SAN FRANCISCO (CNNMoney.com) -- The next generation of Android is coming in a few weeks, and that update to the mobile operating system "could replace credit cards," according to Google chief executive Eric Schmidt.
At the Web 2.0 Summit in San Francisco, Schmidt said Android 2.3 (code-named Gingerbread) will combine location services with "tap-and-pay" functionality.
"Imagine that instead of typing my search, my phone is sending me information all the time," Schmidt said. "Maybe I tell [my phone] I need a pair of pants, and I get relevant information as I walk down the street."
Android, an open-source operating system widely used in smartphones, will soon use so-called "near-field communications" sensors to read RFID tags and link up with other phones and payment systems. That move will put Google squarely in the center of the growing field of developers working on mobile payments.
Schmidt showed off an "unannounced device" running on Android. The phone, which was black with rounded edges, looked like the rumored Nexus S.
Schmidt also unleashed a new statistic: a whopping 35 hours of video are uploaded to Google's YouTube every minute.
The rest of Schmidt's talk was a grab bag, with the CEO commenting on recent controversies around Google data's, its competition with Facebook, and Google TV.
Addressing "creepy comments": Schmidt laughed off questions about recent comments he made about Google "knowing where you live and what you do." His take: "In the new world, you have to label jokes."

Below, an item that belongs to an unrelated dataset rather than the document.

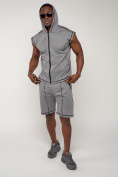 Оптом Спортивный костюм летний мужской светло-серого цвета 2262SS, фото 8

But conference moderator John Battelle pushed Schmidt on Google's in-hot-water status over data breaches. Last week, the Federal Communications Commission said it is investigating whether Google broke the law by inadvertently collecting personal information from Internet users while gathering data for its Street View mapping technology. The Federal Trade Commission opened its own inquiry, but ended it without any action three weeks ago.

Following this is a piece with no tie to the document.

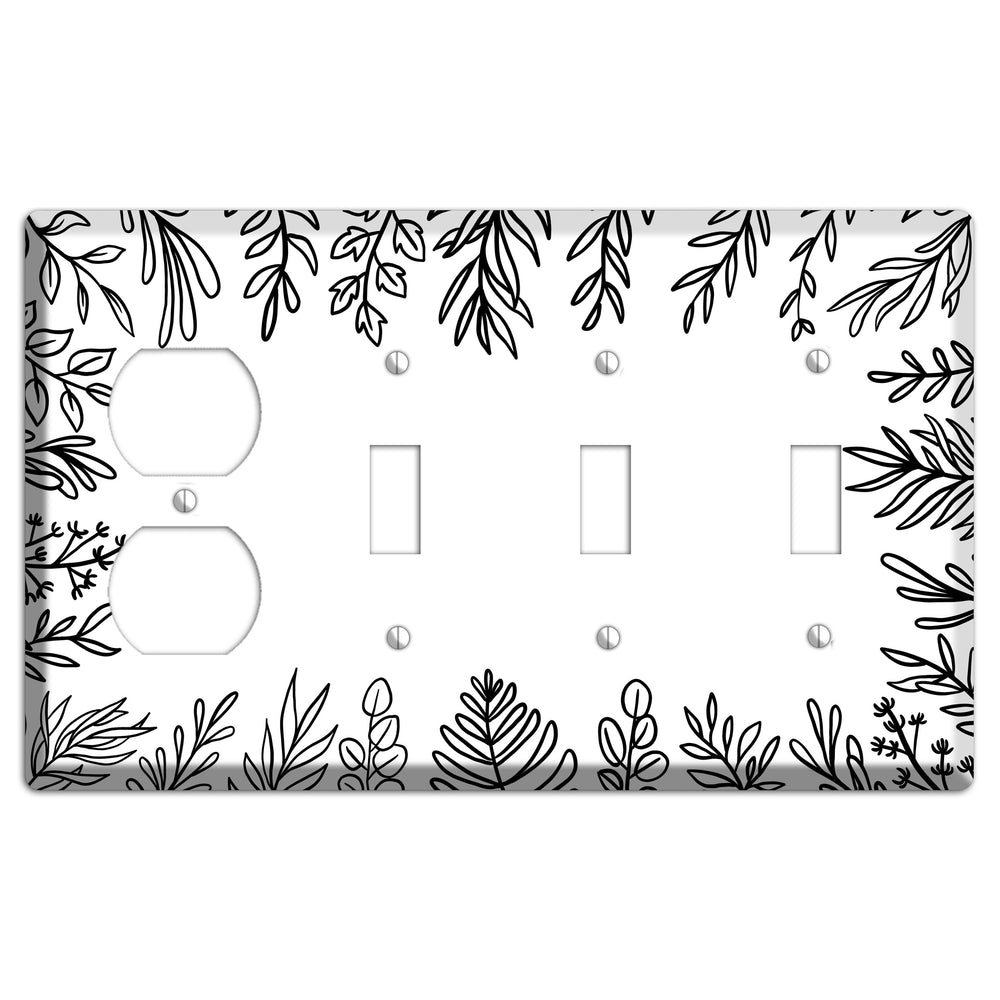 Hand-Drawn Floral 39 Duplex / 3 Toggle Wallplate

"There's a creepy line we don't want to cross," Schmidt said. "For example, we could track people in real time, or use face recognition -- but we won't."
Schmidt didn't directly answer a question from Battelle about whether Google (GOOG, Fortune 500) is "developing a suite of products around social" that could compete with Facebook in the coming months or years.

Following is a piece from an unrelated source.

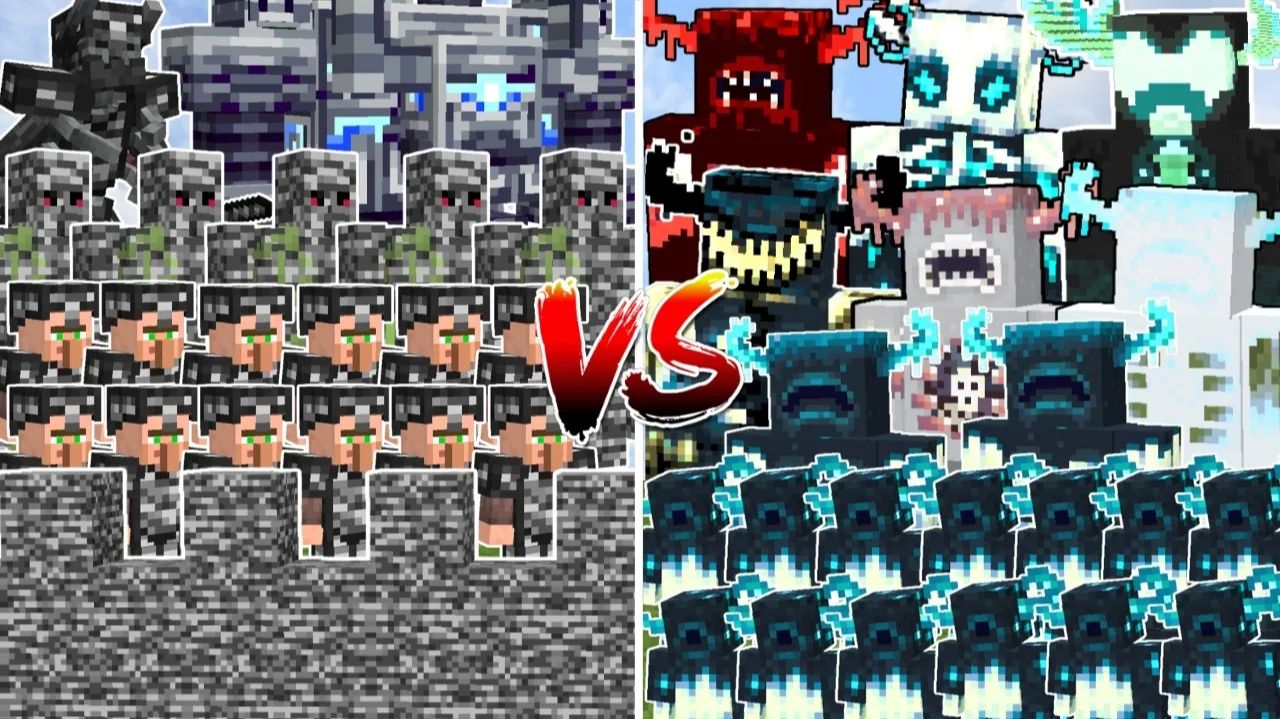 Армия Варденов VS бедроковый замок | Битва мобов Minecraft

"Because of this [atmosphere of] crazy competition, everything we do is seen as competitive," Schmidt said.
Google agrees social information is powerful, he said, citing search as a classic example -- a user can get better search results if they can build on their friends' searches.
Google TV: Schmidt acknowledged issues with finding content for Google TV, a just-launched Internet television platform that brings Web search and other online capabilities to televisions. Major content providers including Fox have refused to allow their shows on the platform.
"No one has fundamentally unified Internet television," Schmidt said. "We understand the industry concern, but at some point ... well, one executive said to me, 'Do you realize you're taking a dumb television and making it smart?"